Ver aquellos cuerpos hacinados y sus rostros vacuos, casi todos ellos blancos, porque a fin de cuentas estaban en Nueva Inglaterra, era de por sí sobrecogedor, pero los ojos abiertos vueltos hacia el cielo nocturno le provocaron una oleada de terror irracional. En algún lugar no demasiado lejano empezó a cantar el primer pájaro del día. No era un gallo, pero el director dio un respingo y luego se tambaleó. En esta ocasión fue Tom quien lo sujetó.

—Vamos —los instó el anciano—. Cheatham Lodge está muy cerca, pero tenemos que ponernos en marcha. La humedad me deja las articulaciones molidas. Cógeme del codo, Jordan.

Alice se separó de Clay y se situó al otro lado del anciano. Éste le dirigió una sonrisa bastante severa y negó con la cabeza.

—Jordan se ocupará de mí.
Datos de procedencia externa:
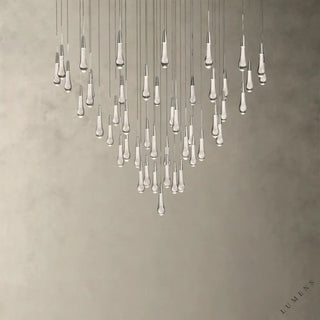 Soltaire Round Chandelier 17’’ 24’’ 36’’ 58’’ - 58’’ / Nickel - chandelier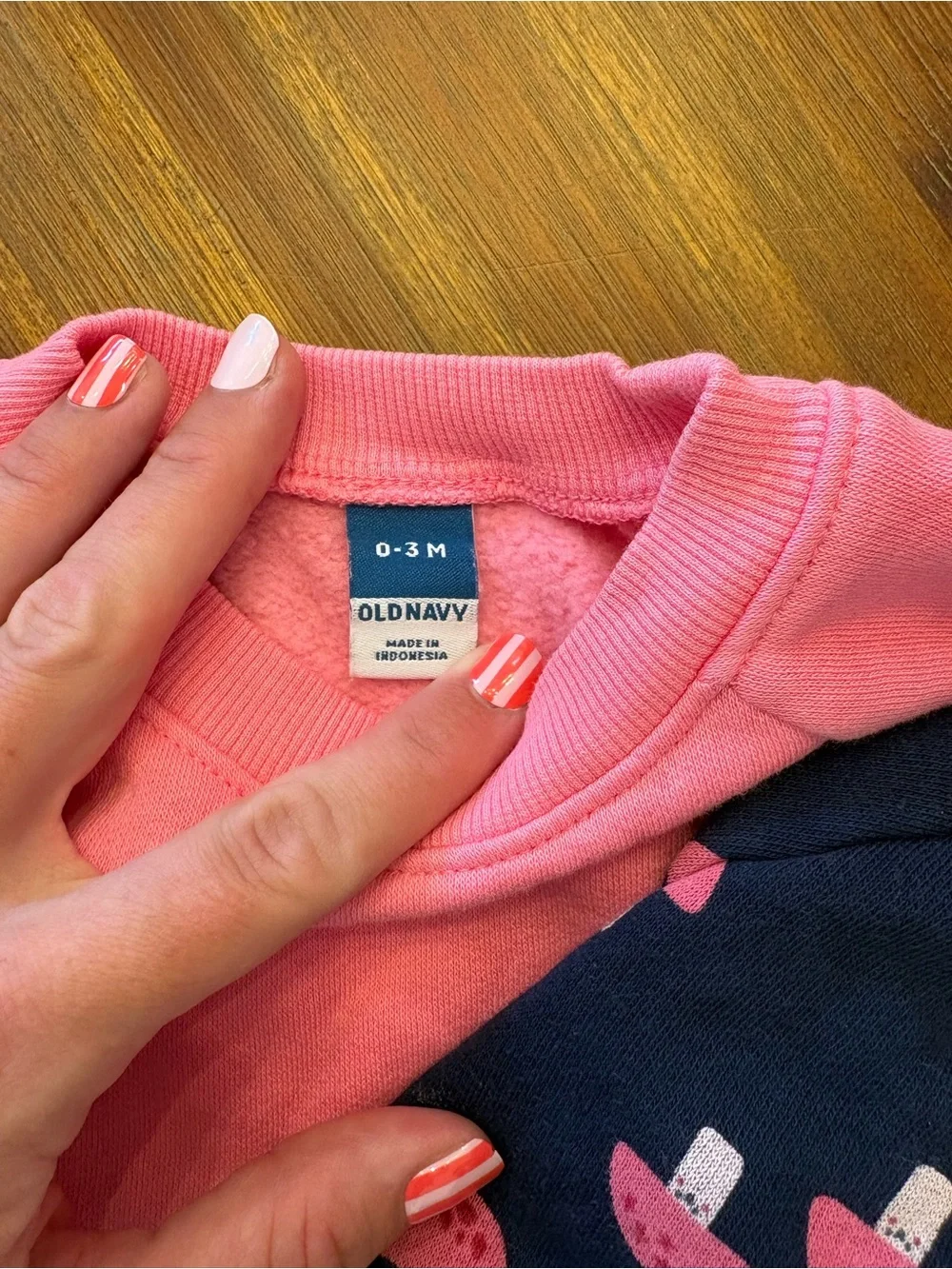 Old Navy long pink knit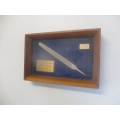 Impressive Presentation Of A Brass Nicholson File In A Wall Hanging Wooden Frame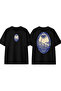 Grand Hotel Design Printed Black Oversize T-Shirt
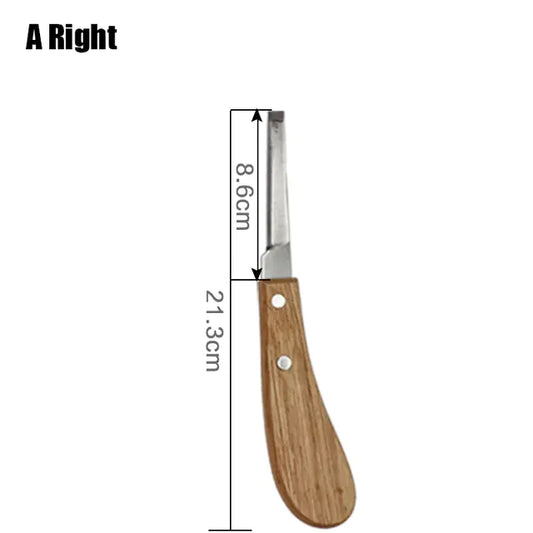 High-Quality Carbon Steel Horse Hoof Repair Knife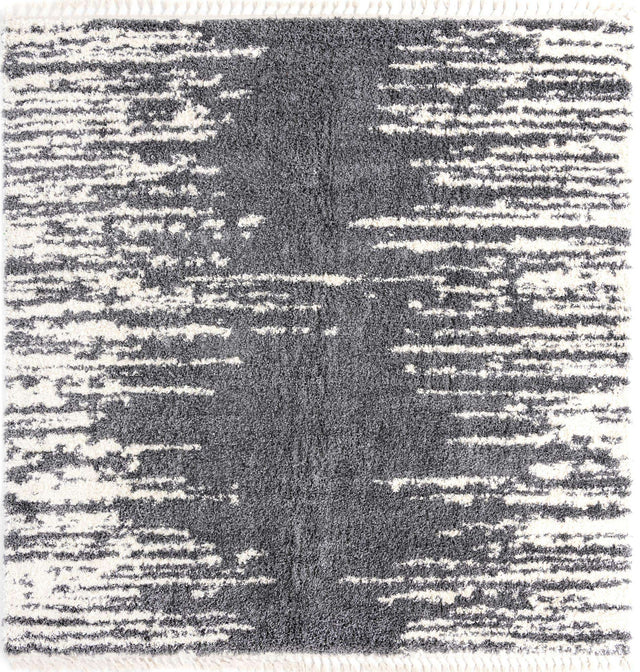 Gray 10' x 10' Serenity Shag Square Area Rug Thick Soft Touch Fluffy & Plush Shaggy Pile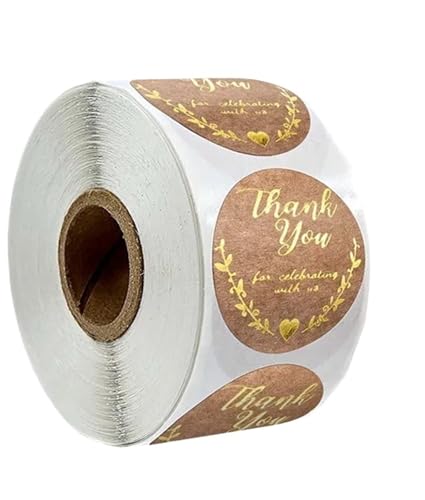 Prägeaufkleber Aufkleber „Danke, dass Sie mit uns feiern“ for Einladungskarten, Hochzeiten, Geburtstage, Jahrestage, Feste, Gastgeschenke, Geschenkverpackungen(ColorB) von IKFGTJRE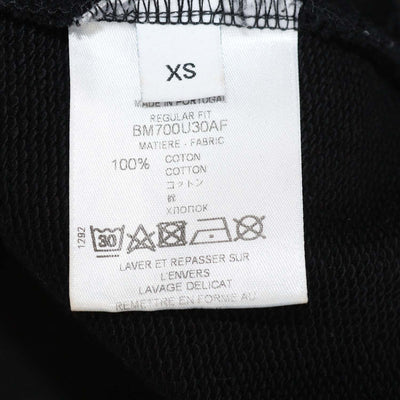 Givenchy Black Cotton Logo Print Loopback Sweatshirt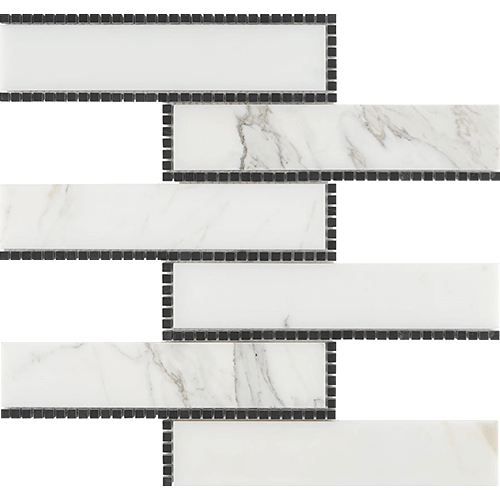 The New Palm Beach by Krista Watterworth Brick White Marble Tile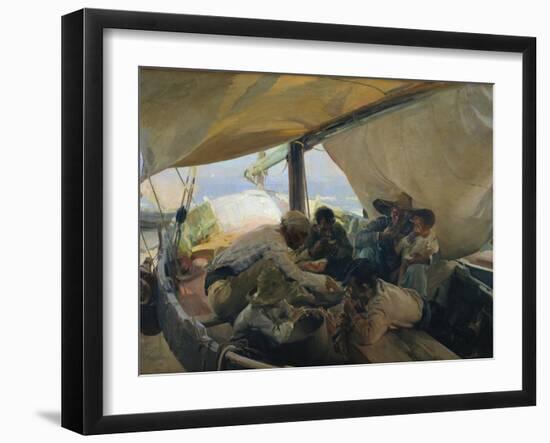 Lunch on the Boat-Joaquín Sorolla y Bastida-Framed Art Print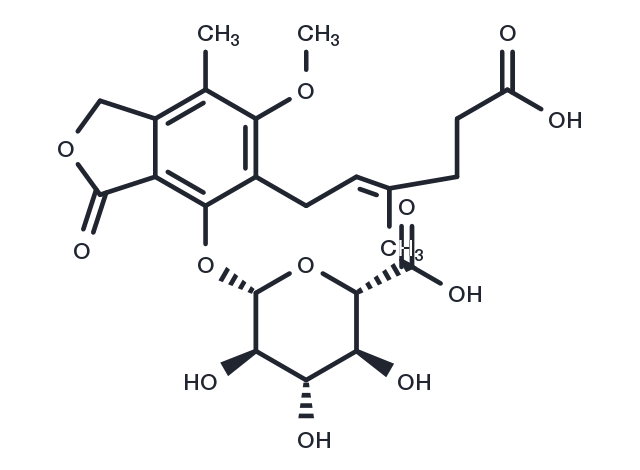 Mycophenolic acid-β-D-glucuronide solution Chemical Structure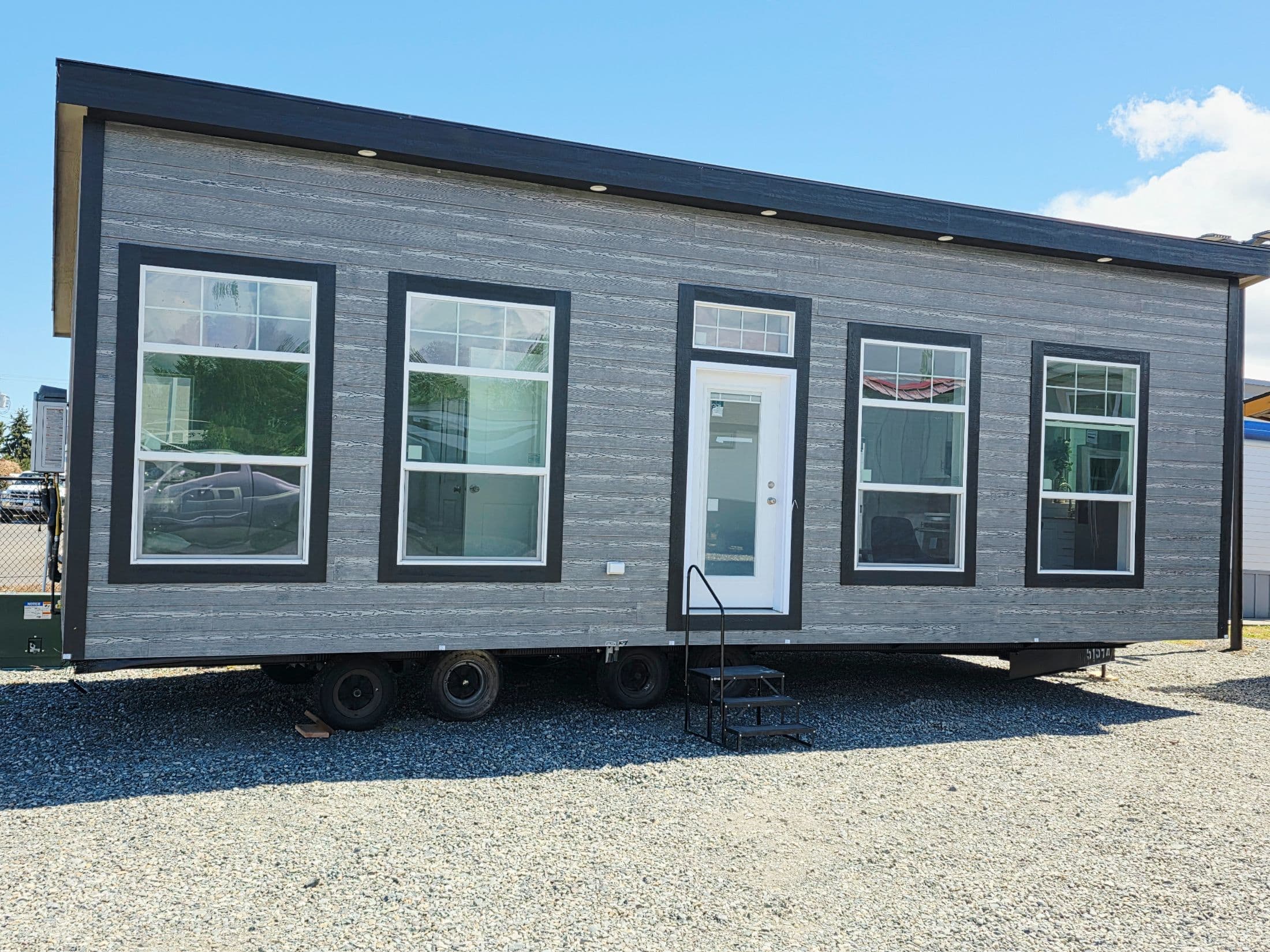 The haystack exterior home features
Ahora nos ocupamos el uno del otro, ¿verdad, Jordan?

—Sí, señor.

—Jordan —dijo Tom mientras se acercaban a una enorme y bastante pretenciosa casa estilo Tudor que sin duda era Cheatham Lodge.

—¿Señor?

—La pancarta sobre el marcador… No he podido leerla. ¿Qué decía?

—ANTIGUOS ALUMNOS, BIENVENIDOS A LA FIESTA —repuso Jordan con un atisbo de sonrisa.

Pero al recordar que ese año no habría fiesta de antiguos alumnos y que los banderines ya habían empezado a estropearse sobre las gradas, su semblante volvió a oscurecerse. De no haber estado tan exhausto, quizá habría logrado mantener la compostura, pero era muy tarde, casi amanecía, y mientras se acercaban a la residencia del director, el último alumno de la academia Gaiten, aún vestido de granate y gris, rompió a llorar.